Building case with Chrono and type mismatch with instruction set architecture

sph_tudelft_nl · September 13, 2019, 5:03pm

Situation
nvcc --version: 10.1, V10.1.168
gcc --version: Debian 6.3.0-18+deb9u1 6.3.0 20170516
Chrono version: 4.0.0

Action 1
Building and running problem DamBreak3D is fine

Action 2
Instead
make problem=CompleteSaExample chrono=1
leads to

...
[CC] ProblemCore.o
[[CC] pugixml.o                                                                 
[CC] vector_print.o/usr/lib/gcc/x86_64-linux-gnu/6/include/avx512fintrin.h(9218): error: argument of type "const void *" is incompatible with parameter of type "const float *"
[...repeat x44 with types varying...]
[CC] Synchronizer.o/usr/lib/gcc/x86_64-linux-gnu/6/include/avx512vlintrin.h(10979): error: argument of type "const void *" is incompatible with parameter of type "const long long *"
/usr/lib/gcc/x86_64-linux-gnu/6/include/avx512vlintrin.h(10989): error: argument of type "void *" is incompatible with parameter of type "float *"
[...repeat x48 with types varying...]
[CC] VTUReader.o
[CC] main.o
[CC] Options.o
[CC] base64.o
[CC] GPUSPH.o
[CC] Integrator.o92 errors detected in the compilation of "/tmp/tmpxft_00000621_00000000-6_CompleteSaExample.cpp1.ii".
Makefile:1000: recipe for target 'build/problems/CompleteSaExample.o' failed
make: *** [build/problems/CompleteSaExample.o] Error 1
make: *** Waiting for unfinished jobs....

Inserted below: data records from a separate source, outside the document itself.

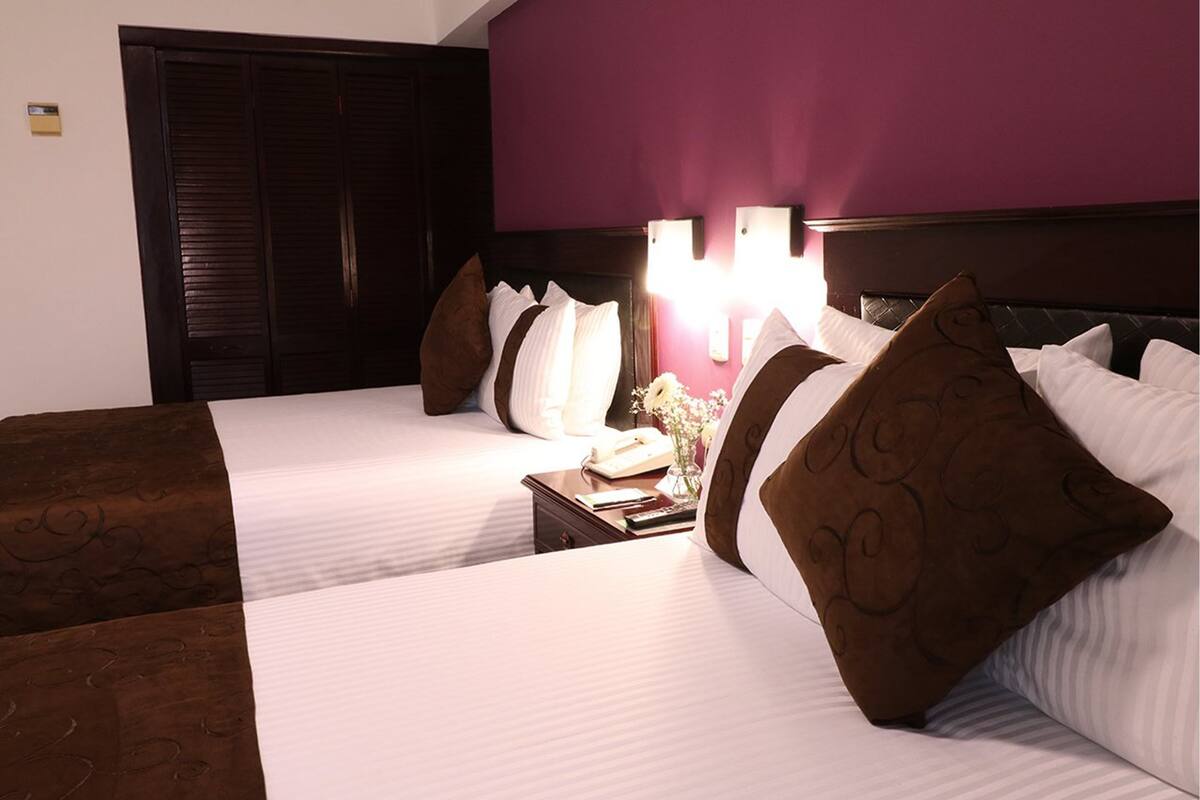 A hotel room with two beds, a nightstand with a lamp, and a large wardrobe.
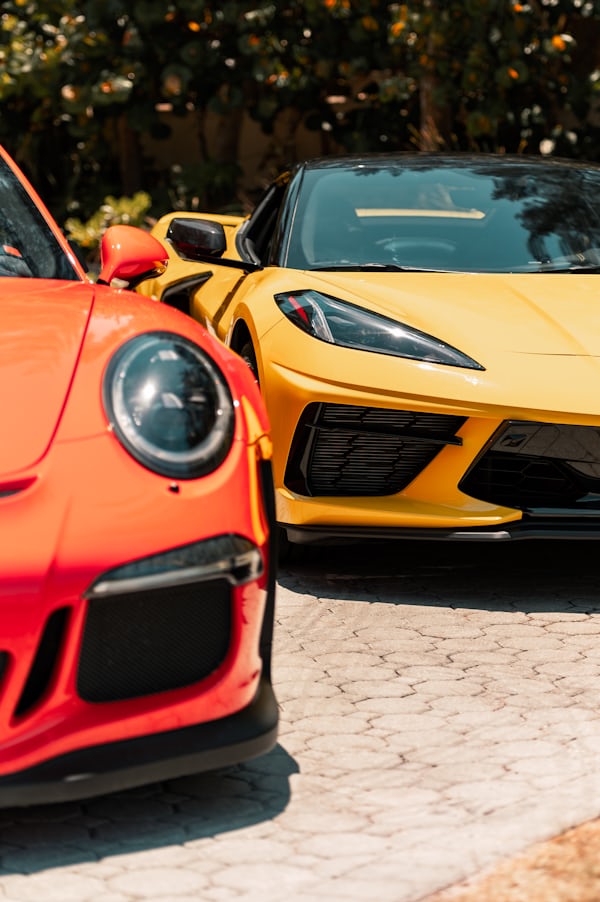 Two Parked Orange and Yellow Sports Cars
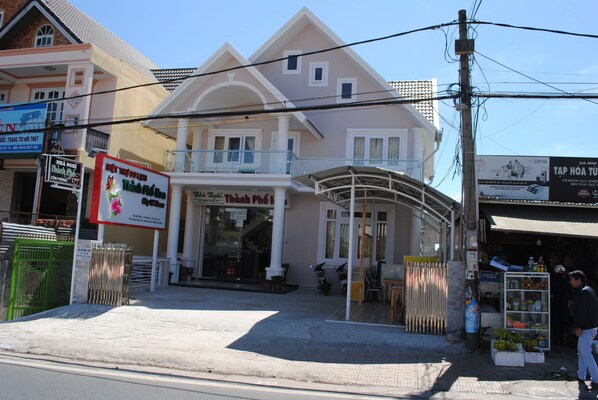 A two-story building with a balcony and a storefront.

The header files avx512fintrin, avx512pfintrin and avx512vlintrin relate to the instruction set architecture AVX-512. The CPU processor is model Intel® Xeon® Silver 4112 CPU @ 2.60GHz: full specifications here.

Question
Any idea why turning Chrono on causes this conflict (assuming this is the reason) and how to work around it? Thanks in advance for digging into this. More info available upon request.

Shallow research (added)

suggests that the problem resides with three instruction subsets of AVX-512: F for foundation PF for prefetch instructions, and VL for vector length extensions. Parsing the header file names shows avx+512+f+intrin, avx+512+pf+intrin, and avx+512+vl+intrin.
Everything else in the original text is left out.